Data excerpts

□ □ □ □

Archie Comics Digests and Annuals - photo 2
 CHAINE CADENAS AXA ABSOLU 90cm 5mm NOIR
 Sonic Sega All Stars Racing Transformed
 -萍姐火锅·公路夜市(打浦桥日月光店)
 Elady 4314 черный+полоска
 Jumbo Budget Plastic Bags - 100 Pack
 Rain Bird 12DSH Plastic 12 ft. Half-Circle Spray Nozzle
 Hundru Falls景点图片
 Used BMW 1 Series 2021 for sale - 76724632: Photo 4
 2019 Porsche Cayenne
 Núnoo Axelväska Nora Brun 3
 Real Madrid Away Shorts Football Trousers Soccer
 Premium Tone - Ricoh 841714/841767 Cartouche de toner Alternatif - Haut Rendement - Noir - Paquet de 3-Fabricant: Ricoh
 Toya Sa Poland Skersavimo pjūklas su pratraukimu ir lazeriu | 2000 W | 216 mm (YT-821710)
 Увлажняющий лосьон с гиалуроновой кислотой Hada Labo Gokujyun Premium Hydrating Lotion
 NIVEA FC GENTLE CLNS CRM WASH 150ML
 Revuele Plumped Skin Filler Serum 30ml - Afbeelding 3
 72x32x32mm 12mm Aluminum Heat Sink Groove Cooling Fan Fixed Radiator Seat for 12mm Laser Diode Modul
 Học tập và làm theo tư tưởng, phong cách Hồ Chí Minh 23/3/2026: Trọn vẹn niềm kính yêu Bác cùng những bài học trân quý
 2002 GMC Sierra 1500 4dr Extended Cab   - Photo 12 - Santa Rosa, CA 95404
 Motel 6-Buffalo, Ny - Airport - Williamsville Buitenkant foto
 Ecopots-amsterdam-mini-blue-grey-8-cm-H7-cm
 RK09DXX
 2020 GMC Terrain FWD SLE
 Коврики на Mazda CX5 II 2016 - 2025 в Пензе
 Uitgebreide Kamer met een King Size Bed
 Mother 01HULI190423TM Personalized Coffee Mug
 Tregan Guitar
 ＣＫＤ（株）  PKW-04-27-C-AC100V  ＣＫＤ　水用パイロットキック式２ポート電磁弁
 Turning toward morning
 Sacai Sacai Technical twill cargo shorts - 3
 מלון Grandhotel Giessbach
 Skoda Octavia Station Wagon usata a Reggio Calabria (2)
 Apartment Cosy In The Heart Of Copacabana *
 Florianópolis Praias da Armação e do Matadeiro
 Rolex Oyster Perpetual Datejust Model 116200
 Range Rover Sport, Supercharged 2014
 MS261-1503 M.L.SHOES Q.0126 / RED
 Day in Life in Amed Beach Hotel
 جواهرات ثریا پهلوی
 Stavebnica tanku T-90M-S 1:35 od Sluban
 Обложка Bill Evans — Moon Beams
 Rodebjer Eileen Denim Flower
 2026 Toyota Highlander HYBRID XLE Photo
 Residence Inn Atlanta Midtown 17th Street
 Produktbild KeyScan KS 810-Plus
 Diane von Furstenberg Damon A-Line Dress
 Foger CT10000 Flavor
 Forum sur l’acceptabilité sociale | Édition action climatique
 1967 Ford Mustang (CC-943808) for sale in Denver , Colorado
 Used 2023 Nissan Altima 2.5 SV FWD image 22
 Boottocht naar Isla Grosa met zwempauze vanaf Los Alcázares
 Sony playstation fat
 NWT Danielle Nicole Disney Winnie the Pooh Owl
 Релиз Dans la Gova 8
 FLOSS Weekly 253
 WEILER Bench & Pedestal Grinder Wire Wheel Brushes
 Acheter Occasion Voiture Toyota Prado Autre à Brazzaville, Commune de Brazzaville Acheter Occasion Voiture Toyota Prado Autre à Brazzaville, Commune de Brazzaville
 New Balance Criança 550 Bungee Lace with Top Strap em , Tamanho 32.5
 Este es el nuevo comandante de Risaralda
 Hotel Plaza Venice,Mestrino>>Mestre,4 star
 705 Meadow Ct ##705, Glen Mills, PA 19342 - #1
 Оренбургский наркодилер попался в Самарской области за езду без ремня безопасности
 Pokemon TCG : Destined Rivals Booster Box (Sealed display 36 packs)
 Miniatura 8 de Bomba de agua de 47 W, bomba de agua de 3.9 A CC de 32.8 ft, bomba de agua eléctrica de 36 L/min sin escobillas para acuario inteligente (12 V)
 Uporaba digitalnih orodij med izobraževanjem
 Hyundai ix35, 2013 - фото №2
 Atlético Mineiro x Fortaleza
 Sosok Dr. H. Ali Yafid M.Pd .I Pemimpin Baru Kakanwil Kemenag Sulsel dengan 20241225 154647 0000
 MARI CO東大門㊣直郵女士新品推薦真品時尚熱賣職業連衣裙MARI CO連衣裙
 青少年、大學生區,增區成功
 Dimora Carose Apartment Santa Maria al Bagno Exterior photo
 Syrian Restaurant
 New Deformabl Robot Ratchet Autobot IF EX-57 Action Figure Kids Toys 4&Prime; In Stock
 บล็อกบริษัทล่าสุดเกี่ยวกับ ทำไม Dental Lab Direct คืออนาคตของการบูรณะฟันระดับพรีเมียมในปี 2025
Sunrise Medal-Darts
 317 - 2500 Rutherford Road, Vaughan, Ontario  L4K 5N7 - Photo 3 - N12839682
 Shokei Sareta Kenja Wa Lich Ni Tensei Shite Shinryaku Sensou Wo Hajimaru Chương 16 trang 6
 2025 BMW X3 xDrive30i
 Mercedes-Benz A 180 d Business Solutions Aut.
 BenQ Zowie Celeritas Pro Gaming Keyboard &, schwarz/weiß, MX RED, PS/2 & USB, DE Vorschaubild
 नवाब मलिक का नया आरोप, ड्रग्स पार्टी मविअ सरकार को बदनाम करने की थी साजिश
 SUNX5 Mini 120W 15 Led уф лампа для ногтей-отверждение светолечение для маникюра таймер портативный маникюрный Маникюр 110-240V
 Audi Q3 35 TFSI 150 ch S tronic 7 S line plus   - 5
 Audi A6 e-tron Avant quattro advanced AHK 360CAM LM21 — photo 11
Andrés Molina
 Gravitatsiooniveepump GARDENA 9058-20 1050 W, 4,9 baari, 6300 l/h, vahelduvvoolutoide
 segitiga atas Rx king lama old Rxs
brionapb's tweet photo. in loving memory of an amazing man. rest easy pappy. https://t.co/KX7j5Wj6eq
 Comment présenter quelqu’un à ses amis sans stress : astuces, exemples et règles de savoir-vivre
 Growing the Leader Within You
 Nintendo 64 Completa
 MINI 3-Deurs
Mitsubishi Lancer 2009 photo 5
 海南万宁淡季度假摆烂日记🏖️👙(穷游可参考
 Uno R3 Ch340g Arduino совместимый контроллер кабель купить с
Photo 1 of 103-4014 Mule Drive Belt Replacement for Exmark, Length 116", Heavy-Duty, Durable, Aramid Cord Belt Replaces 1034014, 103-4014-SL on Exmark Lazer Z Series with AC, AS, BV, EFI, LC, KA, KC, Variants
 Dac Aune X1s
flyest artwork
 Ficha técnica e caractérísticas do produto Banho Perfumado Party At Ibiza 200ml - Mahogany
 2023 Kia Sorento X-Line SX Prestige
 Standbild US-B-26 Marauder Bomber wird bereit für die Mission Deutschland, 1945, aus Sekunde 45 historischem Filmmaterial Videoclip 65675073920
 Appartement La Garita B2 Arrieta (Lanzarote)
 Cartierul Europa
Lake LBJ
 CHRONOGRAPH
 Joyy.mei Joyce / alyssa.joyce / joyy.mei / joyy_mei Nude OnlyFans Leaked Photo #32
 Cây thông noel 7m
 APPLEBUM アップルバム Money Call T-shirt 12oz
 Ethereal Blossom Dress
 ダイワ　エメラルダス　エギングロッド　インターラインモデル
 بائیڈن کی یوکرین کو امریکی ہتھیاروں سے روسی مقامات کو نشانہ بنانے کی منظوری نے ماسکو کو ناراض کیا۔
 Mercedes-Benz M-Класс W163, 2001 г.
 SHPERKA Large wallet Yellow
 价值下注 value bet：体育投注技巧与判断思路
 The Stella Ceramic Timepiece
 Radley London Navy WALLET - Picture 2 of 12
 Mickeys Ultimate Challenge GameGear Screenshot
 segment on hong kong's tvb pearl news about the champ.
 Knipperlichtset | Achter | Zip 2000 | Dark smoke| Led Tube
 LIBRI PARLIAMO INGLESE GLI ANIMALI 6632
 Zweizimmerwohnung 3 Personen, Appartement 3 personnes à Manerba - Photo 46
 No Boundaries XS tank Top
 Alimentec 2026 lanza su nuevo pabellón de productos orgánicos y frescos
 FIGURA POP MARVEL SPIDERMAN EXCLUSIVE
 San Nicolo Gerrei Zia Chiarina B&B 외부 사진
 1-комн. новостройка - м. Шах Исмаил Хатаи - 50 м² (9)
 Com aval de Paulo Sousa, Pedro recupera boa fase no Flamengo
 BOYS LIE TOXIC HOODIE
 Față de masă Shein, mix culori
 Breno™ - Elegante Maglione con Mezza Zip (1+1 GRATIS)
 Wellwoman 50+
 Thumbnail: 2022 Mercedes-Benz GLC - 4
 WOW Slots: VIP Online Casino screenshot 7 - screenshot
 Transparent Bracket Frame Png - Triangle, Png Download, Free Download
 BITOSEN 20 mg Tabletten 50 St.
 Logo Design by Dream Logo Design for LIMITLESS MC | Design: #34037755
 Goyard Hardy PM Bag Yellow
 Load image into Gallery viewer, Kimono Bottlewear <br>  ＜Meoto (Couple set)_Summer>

□ □ □ □

Required work: Your response should hold the lines from the first line of the entries above through the line with "NIVEA FC GENTLE CLNS CRM WASH 150ML", each retyped exactly, and nothing else.

Finished exercise:
Archie Comics Digests and Annuals - photo 2
 CHAINE CADENAS AXA ABSOLU 90cm 5mm NOIR
 Sonic Sega All Stars Racing Transformed
 -萍姐火锅·公路夜市(打浦桥日月光店)
 Elady 4314 черный+полоска
 Jumbo Budget Plastic Bags - 100 Pack
 Rain Bird 12DSH Plastic 12 ft. Half-Circle Spray Nozzle
 Hundru Falls景点图片
 Used BMW 1 Series 2021 for sale - 76724632: Photo 4
 2019 Porsche Cayenne
 Núnoo Axelväska Nora Brun 3
 Real Madrid Away Shorts Football Trousers Soccer
 Premium Tone - Ricoh 841714/841767 Cartouche de toner Alternatif - Haut Rendement - Noir - Paquet de 3-Fabricant: Ricoh
 Toya Sa Poland Skersavimo pjūklas su pratraukimu ir lazeriu | 2000 W | 216 mm (YT-821710)
 Увлажняющий лосьон с гиалуроновой кислотой Hada Labo Gokujyun Premium Hydrating Lotion
 NIVEA FC GENTLE CLNS CRM WASH 150ML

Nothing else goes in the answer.